I'm looking to replace a Jade Chitwood char-broiler which I'm not very pleased with. I've looked over a 30" MagiKitchen radiant at BigTray. The 6 gas burners are rated 15K btu's for a total of 90K...which seems like plenty of heat and more than adequate heat control. I also like the fact that a slide out under-rack can be used as a salamander. Does anyone have any experience with this unit?...or any other MagiKitchen radiant char-broilers?

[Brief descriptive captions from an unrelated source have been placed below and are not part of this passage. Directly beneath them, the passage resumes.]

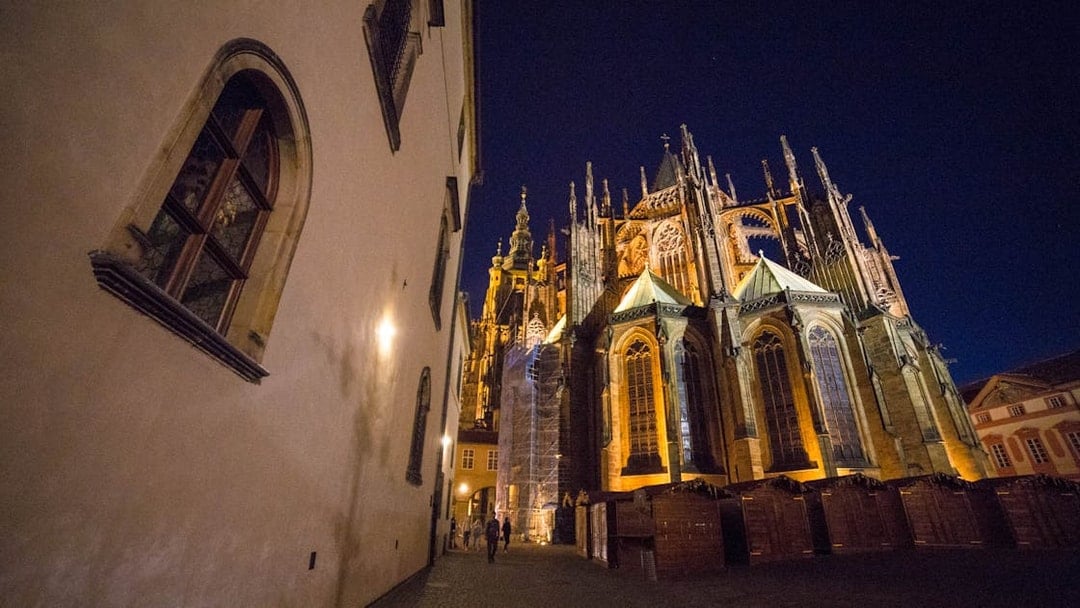 Prague Castle at night with illuminated Gothic architecture.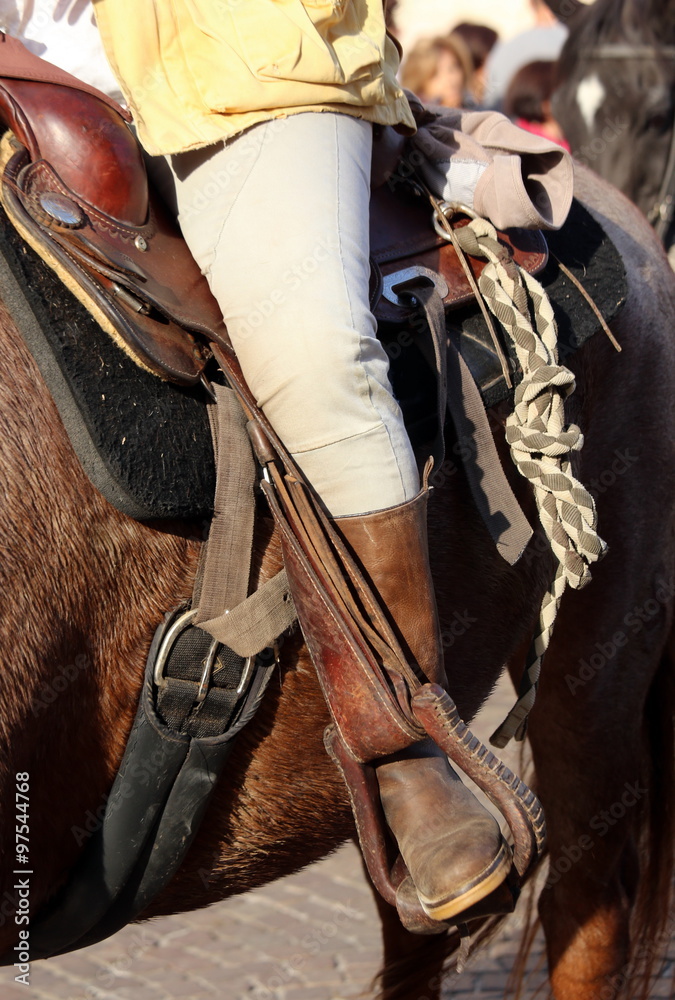 Cowboy boot in the stirrup of the horse during the ride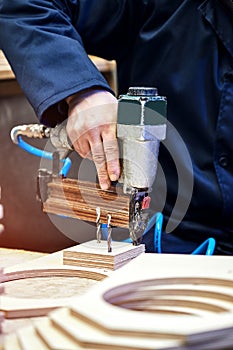 Worker with nailing gun in a workshop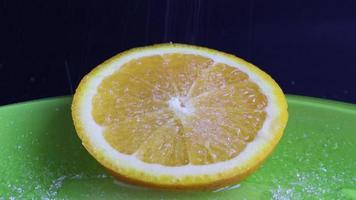 una rodaja redonda de naranja que se ve muy jugosa y apetitosamente espolvoreada con azúcar. tomas de primer plano de azúcar en una rodaja de cítricos recién cortada en un plato verde, sobre un fondo negro. video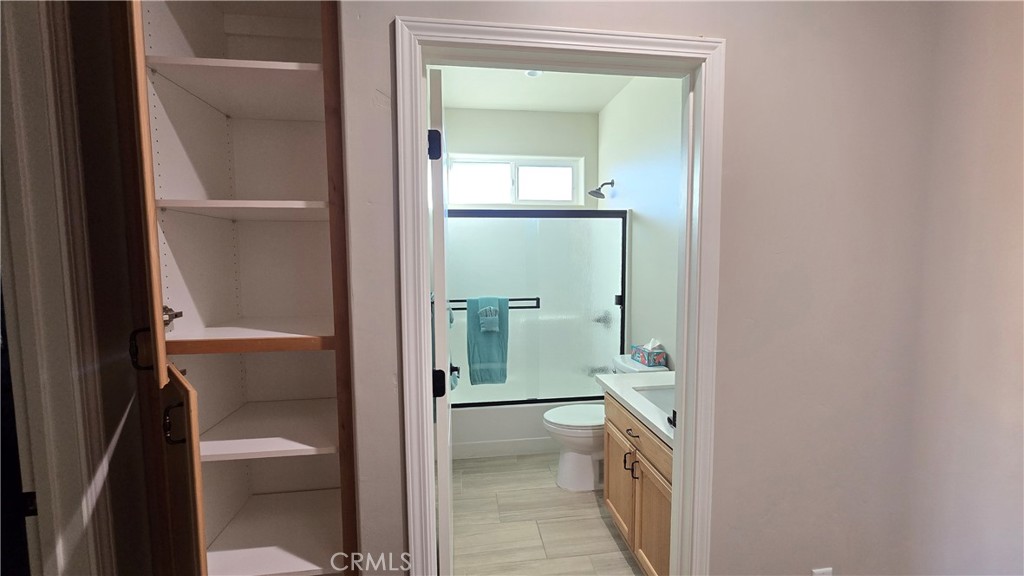 6396 Diamond Paradise, CA 95969 - Photo 34 of 36 a bathroom with a granite countertop sink and a toilet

Your two cents is appreciated!

cheers~
topchef


----------



## greg (Dec 8, 1999)

I don't have any specific experience with this grill, but judging from the picture, I'd say no. The actual radiants (the v-shaped piece of metal that runs along the top of the burners) on this piece appear to be relatively thin gauge stainless steel. Most grills use cast iron that's about 1/4" thick; even these can warp over time and adversely affect your ability to regulate heat.


----------



## topchef (Jan 25, 2004)

You make a good point. I'll check that out with MagiKitchen tech support tomorrow. I did notice that the unit can be converted from radiant to coal stone...though my experience with lava or ceramic rocks tends to indicate some loss of heat/energy and uneven heat, to some degree.

Anyone have an opinion of coal rock vs radiant grilling?

cheers~topchef


----------